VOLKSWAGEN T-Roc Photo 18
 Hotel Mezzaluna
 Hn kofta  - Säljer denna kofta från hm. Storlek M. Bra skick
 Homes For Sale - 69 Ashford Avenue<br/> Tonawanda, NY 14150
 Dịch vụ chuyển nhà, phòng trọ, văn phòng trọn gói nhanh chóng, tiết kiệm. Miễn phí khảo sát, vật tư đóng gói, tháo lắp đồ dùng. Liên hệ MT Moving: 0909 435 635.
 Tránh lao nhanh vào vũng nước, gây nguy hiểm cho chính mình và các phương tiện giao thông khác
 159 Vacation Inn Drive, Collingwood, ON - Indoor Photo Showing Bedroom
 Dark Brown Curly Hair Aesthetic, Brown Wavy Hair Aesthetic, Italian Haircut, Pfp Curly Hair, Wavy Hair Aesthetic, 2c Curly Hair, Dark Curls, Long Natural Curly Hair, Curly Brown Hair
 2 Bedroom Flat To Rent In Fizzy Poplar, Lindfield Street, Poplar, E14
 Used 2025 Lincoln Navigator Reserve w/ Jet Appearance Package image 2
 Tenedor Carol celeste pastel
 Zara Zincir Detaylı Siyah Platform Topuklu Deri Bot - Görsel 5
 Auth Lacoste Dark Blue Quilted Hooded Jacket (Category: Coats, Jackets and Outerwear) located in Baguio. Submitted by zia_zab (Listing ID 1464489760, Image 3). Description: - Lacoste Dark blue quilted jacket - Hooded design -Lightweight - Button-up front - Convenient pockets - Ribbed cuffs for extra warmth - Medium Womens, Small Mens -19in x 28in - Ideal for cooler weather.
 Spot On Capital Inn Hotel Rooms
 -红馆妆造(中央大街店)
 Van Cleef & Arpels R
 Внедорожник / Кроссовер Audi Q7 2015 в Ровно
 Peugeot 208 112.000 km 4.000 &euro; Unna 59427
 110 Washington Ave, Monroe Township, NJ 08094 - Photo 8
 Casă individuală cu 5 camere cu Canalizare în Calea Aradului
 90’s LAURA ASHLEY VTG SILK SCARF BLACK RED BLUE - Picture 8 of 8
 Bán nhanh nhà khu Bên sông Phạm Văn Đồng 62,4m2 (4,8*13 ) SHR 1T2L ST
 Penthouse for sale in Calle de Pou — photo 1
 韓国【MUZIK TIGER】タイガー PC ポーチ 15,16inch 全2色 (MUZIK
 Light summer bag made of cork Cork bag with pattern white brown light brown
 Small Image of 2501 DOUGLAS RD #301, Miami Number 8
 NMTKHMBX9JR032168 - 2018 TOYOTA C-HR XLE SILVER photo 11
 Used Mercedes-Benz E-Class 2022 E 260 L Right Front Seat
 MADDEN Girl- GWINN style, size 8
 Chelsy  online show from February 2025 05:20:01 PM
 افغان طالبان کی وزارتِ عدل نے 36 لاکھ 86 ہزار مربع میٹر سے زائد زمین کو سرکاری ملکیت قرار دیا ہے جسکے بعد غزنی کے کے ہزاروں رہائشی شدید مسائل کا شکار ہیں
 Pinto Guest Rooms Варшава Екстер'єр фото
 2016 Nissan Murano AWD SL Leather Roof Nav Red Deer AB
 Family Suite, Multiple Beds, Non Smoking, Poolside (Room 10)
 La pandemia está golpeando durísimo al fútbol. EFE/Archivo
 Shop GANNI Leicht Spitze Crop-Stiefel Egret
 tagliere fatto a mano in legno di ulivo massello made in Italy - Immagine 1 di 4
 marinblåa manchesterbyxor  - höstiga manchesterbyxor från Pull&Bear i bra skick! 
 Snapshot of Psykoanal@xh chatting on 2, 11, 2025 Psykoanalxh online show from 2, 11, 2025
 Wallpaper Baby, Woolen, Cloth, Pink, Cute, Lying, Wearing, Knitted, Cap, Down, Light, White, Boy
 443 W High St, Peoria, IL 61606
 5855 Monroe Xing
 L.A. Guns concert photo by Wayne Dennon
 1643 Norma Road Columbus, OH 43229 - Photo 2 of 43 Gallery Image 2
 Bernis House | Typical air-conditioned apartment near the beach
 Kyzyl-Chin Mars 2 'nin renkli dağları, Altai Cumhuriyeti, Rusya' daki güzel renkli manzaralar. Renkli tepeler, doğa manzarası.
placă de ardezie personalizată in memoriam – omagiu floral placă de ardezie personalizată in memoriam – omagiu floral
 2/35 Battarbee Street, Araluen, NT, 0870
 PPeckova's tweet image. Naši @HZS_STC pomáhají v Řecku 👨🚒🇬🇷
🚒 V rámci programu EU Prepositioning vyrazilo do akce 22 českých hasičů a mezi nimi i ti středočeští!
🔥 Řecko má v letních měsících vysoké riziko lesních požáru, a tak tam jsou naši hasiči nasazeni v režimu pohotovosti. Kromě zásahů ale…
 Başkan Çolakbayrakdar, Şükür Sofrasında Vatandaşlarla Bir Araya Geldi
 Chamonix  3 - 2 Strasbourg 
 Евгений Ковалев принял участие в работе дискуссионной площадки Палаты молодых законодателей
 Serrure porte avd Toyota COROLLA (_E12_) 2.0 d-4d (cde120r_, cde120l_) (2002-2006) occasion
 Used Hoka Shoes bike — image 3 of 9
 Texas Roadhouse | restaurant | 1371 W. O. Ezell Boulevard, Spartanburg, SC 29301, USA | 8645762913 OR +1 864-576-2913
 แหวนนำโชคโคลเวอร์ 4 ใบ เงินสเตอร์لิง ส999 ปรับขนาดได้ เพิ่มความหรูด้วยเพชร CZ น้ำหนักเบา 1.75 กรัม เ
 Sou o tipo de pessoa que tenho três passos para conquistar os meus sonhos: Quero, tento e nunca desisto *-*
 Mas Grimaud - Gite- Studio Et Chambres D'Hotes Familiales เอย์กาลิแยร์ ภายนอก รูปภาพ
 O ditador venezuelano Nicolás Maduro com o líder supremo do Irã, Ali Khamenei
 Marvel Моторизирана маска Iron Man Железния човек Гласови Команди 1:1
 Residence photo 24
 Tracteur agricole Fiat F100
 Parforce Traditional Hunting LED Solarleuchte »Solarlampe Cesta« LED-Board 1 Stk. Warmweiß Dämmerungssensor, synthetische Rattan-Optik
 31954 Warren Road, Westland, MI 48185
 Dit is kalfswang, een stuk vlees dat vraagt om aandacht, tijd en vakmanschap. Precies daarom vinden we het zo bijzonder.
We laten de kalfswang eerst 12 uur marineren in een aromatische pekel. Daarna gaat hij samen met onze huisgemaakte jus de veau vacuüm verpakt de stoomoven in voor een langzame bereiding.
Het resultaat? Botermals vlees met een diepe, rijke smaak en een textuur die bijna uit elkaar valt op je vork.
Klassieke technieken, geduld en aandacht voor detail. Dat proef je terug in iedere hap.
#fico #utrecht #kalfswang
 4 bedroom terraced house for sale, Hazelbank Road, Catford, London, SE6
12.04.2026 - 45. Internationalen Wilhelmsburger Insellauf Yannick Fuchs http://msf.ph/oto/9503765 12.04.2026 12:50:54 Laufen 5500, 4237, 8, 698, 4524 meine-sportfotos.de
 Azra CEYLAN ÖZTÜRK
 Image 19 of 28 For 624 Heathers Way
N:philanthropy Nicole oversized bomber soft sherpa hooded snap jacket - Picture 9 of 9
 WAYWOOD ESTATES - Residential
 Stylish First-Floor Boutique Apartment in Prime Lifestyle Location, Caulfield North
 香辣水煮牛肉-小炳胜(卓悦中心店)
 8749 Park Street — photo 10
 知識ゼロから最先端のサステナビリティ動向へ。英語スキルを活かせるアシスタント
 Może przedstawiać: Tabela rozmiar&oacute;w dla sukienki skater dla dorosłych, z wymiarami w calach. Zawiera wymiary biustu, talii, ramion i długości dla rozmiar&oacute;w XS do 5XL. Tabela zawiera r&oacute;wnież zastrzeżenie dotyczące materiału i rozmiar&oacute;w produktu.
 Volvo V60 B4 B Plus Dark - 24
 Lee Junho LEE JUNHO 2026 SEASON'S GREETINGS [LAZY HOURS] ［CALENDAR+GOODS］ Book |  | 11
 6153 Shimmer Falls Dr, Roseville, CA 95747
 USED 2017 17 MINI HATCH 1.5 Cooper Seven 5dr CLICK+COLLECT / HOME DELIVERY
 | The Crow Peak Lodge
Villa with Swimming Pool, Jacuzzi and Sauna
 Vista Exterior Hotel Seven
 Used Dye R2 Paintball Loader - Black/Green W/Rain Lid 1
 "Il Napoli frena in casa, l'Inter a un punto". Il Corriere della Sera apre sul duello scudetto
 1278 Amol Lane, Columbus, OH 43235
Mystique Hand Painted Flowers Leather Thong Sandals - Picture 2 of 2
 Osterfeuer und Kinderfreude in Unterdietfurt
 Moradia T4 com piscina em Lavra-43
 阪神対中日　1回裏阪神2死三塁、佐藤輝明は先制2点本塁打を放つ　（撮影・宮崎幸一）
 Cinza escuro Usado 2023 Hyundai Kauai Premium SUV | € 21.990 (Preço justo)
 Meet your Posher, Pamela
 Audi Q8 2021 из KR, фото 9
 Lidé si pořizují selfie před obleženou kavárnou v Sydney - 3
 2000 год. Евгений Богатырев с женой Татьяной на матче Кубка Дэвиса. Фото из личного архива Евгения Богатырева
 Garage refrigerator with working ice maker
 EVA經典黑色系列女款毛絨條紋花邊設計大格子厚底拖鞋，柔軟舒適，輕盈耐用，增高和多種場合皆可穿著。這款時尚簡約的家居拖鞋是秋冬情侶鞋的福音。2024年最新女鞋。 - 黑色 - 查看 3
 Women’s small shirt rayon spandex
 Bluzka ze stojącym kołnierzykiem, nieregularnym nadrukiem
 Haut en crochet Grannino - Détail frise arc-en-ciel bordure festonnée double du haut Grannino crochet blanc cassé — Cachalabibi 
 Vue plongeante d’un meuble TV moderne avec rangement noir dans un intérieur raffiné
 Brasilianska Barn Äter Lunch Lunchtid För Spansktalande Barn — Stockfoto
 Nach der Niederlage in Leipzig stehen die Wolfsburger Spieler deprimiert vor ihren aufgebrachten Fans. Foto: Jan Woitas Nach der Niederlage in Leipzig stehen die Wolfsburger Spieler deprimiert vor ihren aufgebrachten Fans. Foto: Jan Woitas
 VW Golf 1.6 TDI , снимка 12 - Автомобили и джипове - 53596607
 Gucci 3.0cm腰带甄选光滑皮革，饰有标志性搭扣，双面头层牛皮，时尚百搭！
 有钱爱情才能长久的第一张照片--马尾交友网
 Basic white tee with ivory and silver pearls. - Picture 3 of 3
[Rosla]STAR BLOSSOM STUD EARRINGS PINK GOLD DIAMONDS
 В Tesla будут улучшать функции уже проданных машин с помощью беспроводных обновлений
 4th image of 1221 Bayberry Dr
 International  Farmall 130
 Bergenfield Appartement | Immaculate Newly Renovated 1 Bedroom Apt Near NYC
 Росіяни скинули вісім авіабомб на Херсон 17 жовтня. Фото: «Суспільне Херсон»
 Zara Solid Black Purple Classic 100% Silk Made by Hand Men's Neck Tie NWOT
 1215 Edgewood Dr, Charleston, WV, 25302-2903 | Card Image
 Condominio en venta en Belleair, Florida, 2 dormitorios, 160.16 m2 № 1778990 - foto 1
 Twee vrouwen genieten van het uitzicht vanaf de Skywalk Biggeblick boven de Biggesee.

AIM OF THE EXERCISE: Lines holding "Picture": copy each one from the records above.

SOLVED PROBLEM:
 90’s LAURA ASHLEY VTG SILK SCARF BLACK RED BLUE - Picture 8 of 8
N:philanthropy Nicole oversized bomber soft sherpa hooded snap jacket - Picture 9 of 9
Mystique Hand Painted Flowers Leather Thong Sandals - Picture 2 of 2
 Basic white tee with ivory and silver pearls. - Picture 3 of 3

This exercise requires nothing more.